As advanced as most automatic speech recognition (ASR) systems are, they still have difficulty handling and recognizing proper names. The sheer volume of names in any given language presents an issue from the outset. Most English-speaking people have an average vocabulary of 20,000 to 35,000 words. However, there are more than 150,000 surnames in common usage in the U.S. alone, and nearly a million names in total. This leads to proper names outnumbering regular words 10 to 1. So, while today’s ASR systems are trained on hundreds of thousands of hours of audio, the frequency of proper names compared to more commonly used words is still very low. Because of this, ASR systems will often mistake proper names for more common words. Also, they often transcribe the names of famous people in place of less common names because of training data bias.

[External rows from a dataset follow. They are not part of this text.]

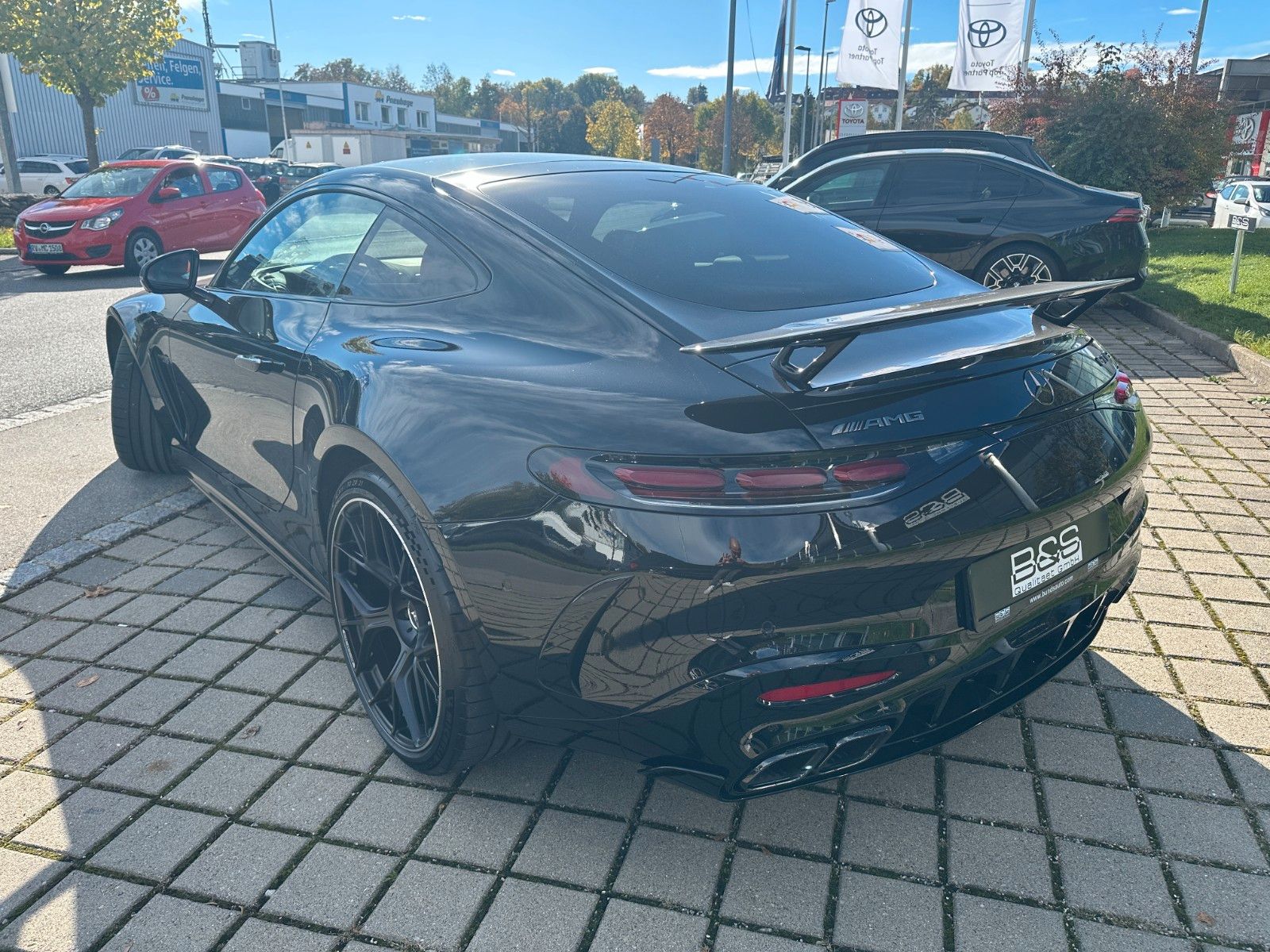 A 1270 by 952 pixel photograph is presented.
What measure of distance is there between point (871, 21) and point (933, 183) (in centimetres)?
1935

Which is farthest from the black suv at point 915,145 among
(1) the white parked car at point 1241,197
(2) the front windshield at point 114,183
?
(1) the white parked car at point 1241,197

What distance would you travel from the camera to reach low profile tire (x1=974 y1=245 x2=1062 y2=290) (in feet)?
27.1

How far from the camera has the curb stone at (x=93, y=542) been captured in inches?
150

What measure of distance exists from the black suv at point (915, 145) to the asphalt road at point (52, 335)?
631 cm

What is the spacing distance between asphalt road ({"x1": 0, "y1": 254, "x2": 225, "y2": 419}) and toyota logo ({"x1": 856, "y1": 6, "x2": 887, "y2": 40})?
64.1 ft

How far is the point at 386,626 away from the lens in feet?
8.75

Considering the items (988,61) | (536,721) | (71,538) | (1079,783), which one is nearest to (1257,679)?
(1079,783)

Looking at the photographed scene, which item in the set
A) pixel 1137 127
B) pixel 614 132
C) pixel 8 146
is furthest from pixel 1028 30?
pixel 614 132

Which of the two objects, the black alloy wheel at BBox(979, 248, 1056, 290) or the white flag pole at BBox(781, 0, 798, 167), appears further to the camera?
the white flag pole at BBox(781, 0, 798, 167)

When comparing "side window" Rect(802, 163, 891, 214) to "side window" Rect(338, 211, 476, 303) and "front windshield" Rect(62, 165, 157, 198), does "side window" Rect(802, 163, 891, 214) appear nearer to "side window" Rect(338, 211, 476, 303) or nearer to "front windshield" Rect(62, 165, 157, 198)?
"side window" Rect(338, 211, 476, 303)

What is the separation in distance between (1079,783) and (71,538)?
394 cm

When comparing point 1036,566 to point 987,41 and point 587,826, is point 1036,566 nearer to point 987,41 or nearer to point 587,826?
point 587,826

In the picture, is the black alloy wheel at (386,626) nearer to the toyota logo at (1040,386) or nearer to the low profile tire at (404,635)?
the low profile tire at (404,635)

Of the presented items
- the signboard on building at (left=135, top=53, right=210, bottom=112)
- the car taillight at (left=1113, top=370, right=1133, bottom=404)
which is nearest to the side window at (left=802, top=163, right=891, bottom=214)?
the car taillight at (left=1113, top=370, right=1133, bottom=404) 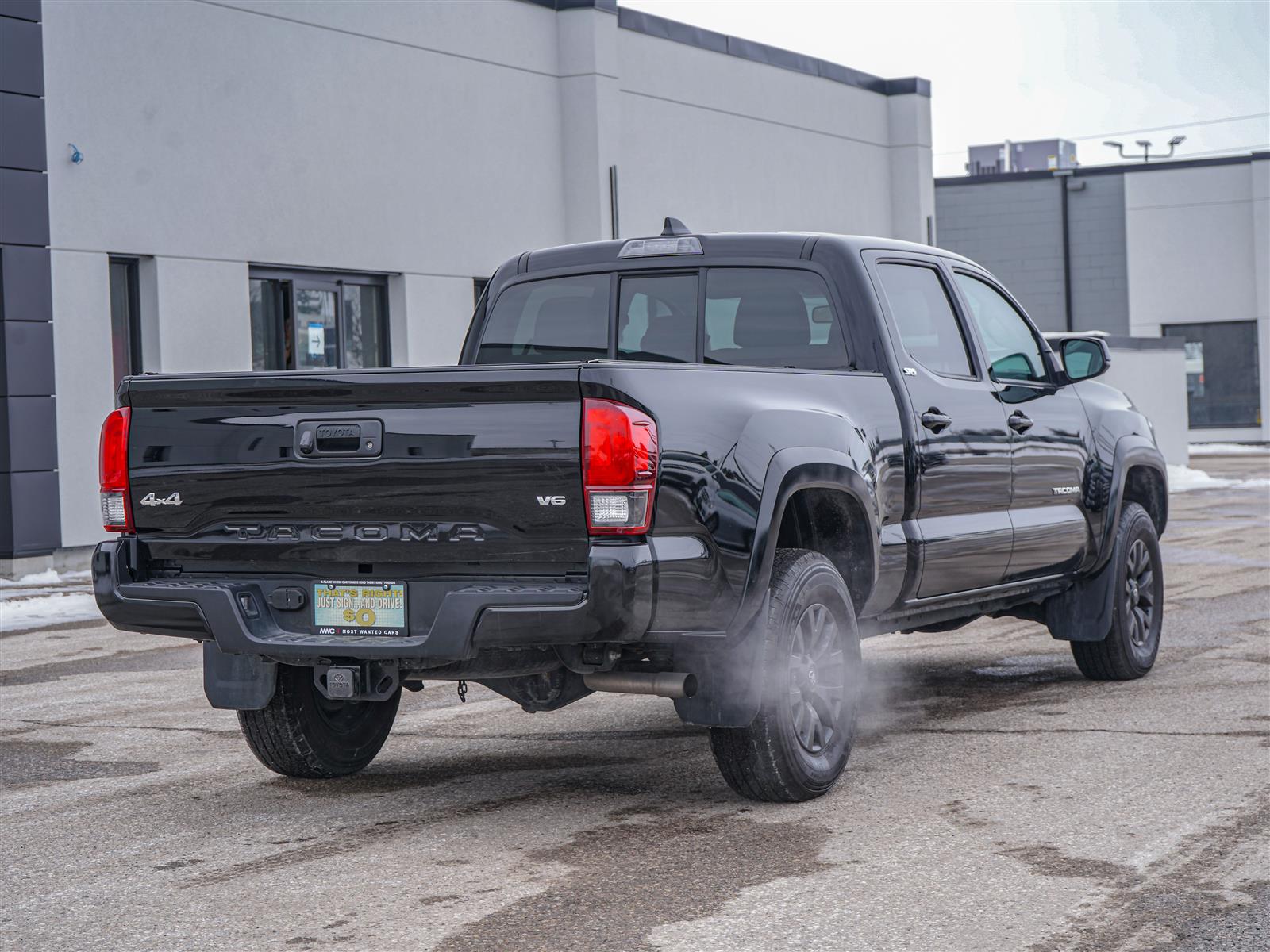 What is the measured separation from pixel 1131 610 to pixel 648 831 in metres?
3.90

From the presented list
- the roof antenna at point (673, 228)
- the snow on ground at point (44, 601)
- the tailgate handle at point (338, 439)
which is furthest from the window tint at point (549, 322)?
the snow on ground at point (44, 601)

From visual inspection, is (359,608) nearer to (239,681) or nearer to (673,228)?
(239,681)

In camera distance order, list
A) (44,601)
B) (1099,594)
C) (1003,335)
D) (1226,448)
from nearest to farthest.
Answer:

Names can also be pronounced differently by different people. For example, “Helena” can be pronounced as “HEL-eh-nuh” or “Heh-LAY-nuh.” They can also be orthographically spelled in many ways; Catherine and Kathryn sound exactly the same and, with only audio input, it is impossible for ASR systems to choose between the two spellings unless the context for a particular name is clear. This variability in both phonetics and orthography further adds to the ambiguity and complexity that ASR systems face when processing and transcribing names.
All these factors (limited training data, training biases, and heterogeneity) can lead to poor performance of an AI solution. For example, if you said, “Wally Shaw, please” the system might transcribe this as “Wallace Shawn, please” and then act on this, potentially compromising private health information (PHI). Similarly, doctor’s names can be misinterpreted or confused (recognizing “Mike Daly” as “my daily”, for example), and this could result in frustration when the system doesn’t understand and/or takes you to an operator that leads to a queue. In healthcare, it is essential that ASR systems minimize these kinds of mistakes, but the speech recognition systems used by most healthcare institutions still regularly make them.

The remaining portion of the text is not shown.